Elwood described how it went: “Ninety crabs were each introduced individually to a tank with two dark shelters. On selecting their shelter of choice, some of the crabs were exposed to an electric shock. After some rest time, each crab was returned to the tank. Most stuck with what they knew best, returning to the shelter they had chosen first time around, where those that had been shocked on first choice again experienced a shock. When introduced to the tank for the third time, however, the vast majority of shocked crabs now went to the alternative safe shelter. Those not shocked continued to use their preferred shelter.”

He continued, “Having experienced two rounds of shocks, the crabs learned to avoid the shelter where they received the shock. They were willing to give up their hideaway in order to avoid the source of their probable pain.”

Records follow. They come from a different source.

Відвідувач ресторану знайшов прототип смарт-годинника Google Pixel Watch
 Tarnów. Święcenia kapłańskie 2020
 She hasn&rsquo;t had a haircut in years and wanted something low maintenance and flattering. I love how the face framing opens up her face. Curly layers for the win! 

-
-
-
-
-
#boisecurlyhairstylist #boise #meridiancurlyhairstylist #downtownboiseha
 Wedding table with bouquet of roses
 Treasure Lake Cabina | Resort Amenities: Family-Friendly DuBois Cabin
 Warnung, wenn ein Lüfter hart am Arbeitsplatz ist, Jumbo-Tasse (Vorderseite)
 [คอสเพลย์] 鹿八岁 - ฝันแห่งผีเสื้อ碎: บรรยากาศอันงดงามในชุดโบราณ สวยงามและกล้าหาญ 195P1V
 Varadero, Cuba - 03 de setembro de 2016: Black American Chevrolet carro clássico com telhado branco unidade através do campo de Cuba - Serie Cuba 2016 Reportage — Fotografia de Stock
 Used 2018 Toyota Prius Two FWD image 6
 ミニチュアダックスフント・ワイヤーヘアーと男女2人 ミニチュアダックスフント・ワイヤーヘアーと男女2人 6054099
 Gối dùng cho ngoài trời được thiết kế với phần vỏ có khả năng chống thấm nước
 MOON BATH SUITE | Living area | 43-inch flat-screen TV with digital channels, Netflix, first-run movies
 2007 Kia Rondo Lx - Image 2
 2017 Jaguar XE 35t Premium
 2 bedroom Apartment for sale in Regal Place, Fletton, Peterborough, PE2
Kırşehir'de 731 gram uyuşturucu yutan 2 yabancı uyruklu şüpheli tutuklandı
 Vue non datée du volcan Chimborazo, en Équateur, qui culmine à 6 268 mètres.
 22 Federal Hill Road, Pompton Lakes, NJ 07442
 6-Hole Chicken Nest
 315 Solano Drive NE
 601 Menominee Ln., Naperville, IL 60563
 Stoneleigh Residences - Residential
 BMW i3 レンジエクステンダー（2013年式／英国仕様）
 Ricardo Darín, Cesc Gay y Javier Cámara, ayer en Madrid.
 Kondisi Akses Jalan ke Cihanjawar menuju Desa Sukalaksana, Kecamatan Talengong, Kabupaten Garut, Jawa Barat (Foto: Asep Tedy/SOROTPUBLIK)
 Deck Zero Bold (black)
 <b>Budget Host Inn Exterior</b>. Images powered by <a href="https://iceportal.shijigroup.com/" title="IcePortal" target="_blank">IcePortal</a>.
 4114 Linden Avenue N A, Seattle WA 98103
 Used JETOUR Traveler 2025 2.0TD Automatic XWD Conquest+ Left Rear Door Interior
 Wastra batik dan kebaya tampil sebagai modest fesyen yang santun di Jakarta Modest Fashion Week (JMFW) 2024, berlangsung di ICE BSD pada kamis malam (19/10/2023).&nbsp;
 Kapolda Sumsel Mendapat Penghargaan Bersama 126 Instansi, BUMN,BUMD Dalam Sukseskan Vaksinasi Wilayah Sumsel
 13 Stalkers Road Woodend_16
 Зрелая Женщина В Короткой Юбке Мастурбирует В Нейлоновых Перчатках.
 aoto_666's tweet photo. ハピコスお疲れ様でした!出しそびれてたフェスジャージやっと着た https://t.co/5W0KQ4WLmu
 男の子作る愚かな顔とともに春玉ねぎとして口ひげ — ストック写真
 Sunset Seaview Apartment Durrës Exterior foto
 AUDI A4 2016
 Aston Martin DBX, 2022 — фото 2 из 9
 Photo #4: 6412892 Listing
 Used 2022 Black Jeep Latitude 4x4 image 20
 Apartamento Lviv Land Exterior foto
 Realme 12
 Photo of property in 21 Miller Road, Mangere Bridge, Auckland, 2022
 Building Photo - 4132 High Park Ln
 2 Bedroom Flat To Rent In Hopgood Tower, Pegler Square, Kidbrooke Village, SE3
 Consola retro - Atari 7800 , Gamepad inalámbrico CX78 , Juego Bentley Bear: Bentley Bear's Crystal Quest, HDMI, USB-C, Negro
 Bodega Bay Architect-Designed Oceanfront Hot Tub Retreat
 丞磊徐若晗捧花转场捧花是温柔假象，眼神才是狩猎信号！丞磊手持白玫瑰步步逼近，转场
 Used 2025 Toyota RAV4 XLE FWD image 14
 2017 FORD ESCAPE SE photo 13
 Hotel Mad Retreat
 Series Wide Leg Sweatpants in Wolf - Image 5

Now one of the criteria used in determining pain is that animals will learn to avoid pain, or try to reduce the pain they are in (hence the praying position in dogs, or effectiveness of electric fences with horses). Under this principle it appears that the crabs that experienced the electric shock (which were relatively mild so as not to cause permanent harm) gave up their safe shelter to hide somewhere else in order to avoid the painful stimuli. In fact as anyone that has ever cooked a lobster or crab will know, it does not just sit still in the pan but will go into a frenzy.

Research is increasing starting to show that though we look different, pain is a feeling that is shared between all species. As an advocate for animals it is important that we consider the pain of all animals, and not just those that are cute and cuddly!